What. Any money google earns through ads on their own products is purely from value of googles services. The links the the news sites do not contain the news itself. That's like saying the yellow pages is pizza. And Chinese food. And Mexican.

In case this is not blindly obvious: that's bat shit crazy.

The news sites have their content. And google is only making it easy for people to get to it. If the news sites can't make any money off it: That's like Restaurants blaming the yellow pages for them going out of business.

And in second place, it's Stephen T. Stone making a different version of the point:

Irrelevant. To charge for links is to undercut the basic functionality of the Internet for the sake of profit. Google, Twitter, Facebook, or any other interactive web service or website should have no obligation to pay for the right to link to a newspaper's website.

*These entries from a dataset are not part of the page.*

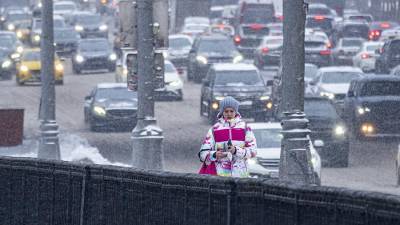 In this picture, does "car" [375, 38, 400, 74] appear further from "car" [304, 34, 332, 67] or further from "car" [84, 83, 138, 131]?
"car" [84, 83, 138, 131]

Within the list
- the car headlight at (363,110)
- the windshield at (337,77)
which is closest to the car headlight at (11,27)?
the windshield at (337,77)

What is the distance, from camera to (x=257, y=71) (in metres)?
40.1

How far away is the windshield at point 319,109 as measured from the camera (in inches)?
1236

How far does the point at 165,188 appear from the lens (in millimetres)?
10391

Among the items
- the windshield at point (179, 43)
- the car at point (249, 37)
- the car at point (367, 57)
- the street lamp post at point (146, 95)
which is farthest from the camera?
the car at point (249, 37)

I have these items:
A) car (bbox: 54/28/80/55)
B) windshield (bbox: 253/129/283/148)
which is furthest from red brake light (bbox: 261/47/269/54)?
windshield (bbox: 253/129/283/148)

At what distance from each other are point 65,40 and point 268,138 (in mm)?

For editor's choice on the insightful side, we start out with one more comment on that post, this time from another anonymous commenter making a very simple and important point:

Taxes disincentivize the taxed behavior. If you tax links, you're disincentivizing linking. This is not rocket surgery.

Next, it's still another anonymous commenter, this time on our post about the possibility of a TikTok ban, in reply to a commenter trying to shift the burden of proof and demand a debunking" of fears about TikTok:

You can't debunk a concern". People will have a moral panic over whatever they like in service of any number of agendas.

The actual problem, though, is that's all you have: Concern, and claims. Bring evidence of privacy issues unique to TikTok, and/or influence issues caused by TikTok (while not ignoring the First Amendment). Then others can support or debunk your evidence with additional evidence. That's how this works. Make a testable claim, then test it, then show your work and the evidence produced by testing. It is no one else's job to counter things that don't exist, but lucky you, articles like the one above are already doing just that.

Over on the funny side, our first place winner is NotTheMomma with a comment about other child safety laws that would block sites:

Come on now, Mike, this will work, look at how prohibition went? Most of these people pushing for this were alive then.

In second place, it's bonk with another comment about TikTok panic, and people comparing it to fentanyl:

I heard from a friend's friend that they had a brother that was so addicted to social media he died. It took the paramedics ten minutes to dislodge the smartphone he had snorted, but he had already perished at that point.

For editor's choice on the funny side, we've got two more anonymous comments. The first is another response to TikTok as fentanyl":

Projection?

... I'm starting to think that the folks in charge are just projecting their own insecurities brought on by years of just believing whatever entity was waving money in their face.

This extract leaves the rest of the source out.